Wednesday, June 22, 2005

worth fighting for

Trying to create change in other countries requires both awareness and sensitivity to cultural issues. For example, trying to fight HIV/AIDS in the developing world is fruitless unless you understand gender relations, views on sexuality and more in the country or region where a program is being implemented.

Condi Rice thinks that those who are pushing for greater women's rights in the Middle East need to be aware of and respectful to cultural traditions. In Saudi Arabia, for example, Condi thinks women should eventually be given the right to vote, but she's not willing to push for them to have the right to drive out of "respect".

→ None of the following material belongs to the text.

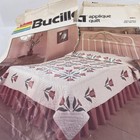 Vintage Bucilla Country Tulips King Queen Applique Quilt Top Kit Open 98 X 103   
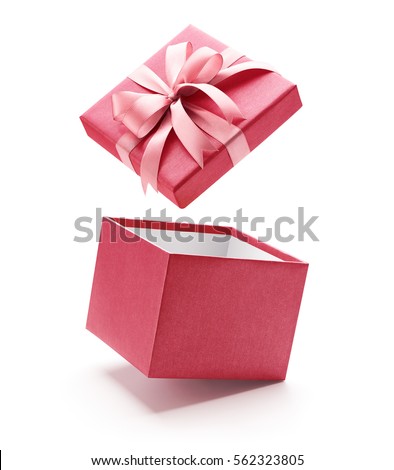 Pink open gift box isolated on white background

There were a few cultural traditions here in the U.S. that, if respected and still in place, would mean that Rice would be wearing a maid's uniform right about now, instead of that hot black leather number she got all that press for this spring.

Not being able to drive is not just an inconvenience that means that the little lady can't get to the mall. It means that she is limited in terms of economic opportunity and independence and it's worth fighting for. It means that, when they finally do give her the right to vote, she's going to have to ask her husband to give her a ride to the polls.

Speaking of women's rights, check out
Nicholas Kristof's piece from Tuesday's New York Times. He wants President Bush to hold back on his praise for Pakistan's Prime Minister when he comes to DC next month. Instead, maybe he could use the occasion to tell President Pervez Musharraf to get his country's act together in regard to the repeated violations of the rights of women who have been raped.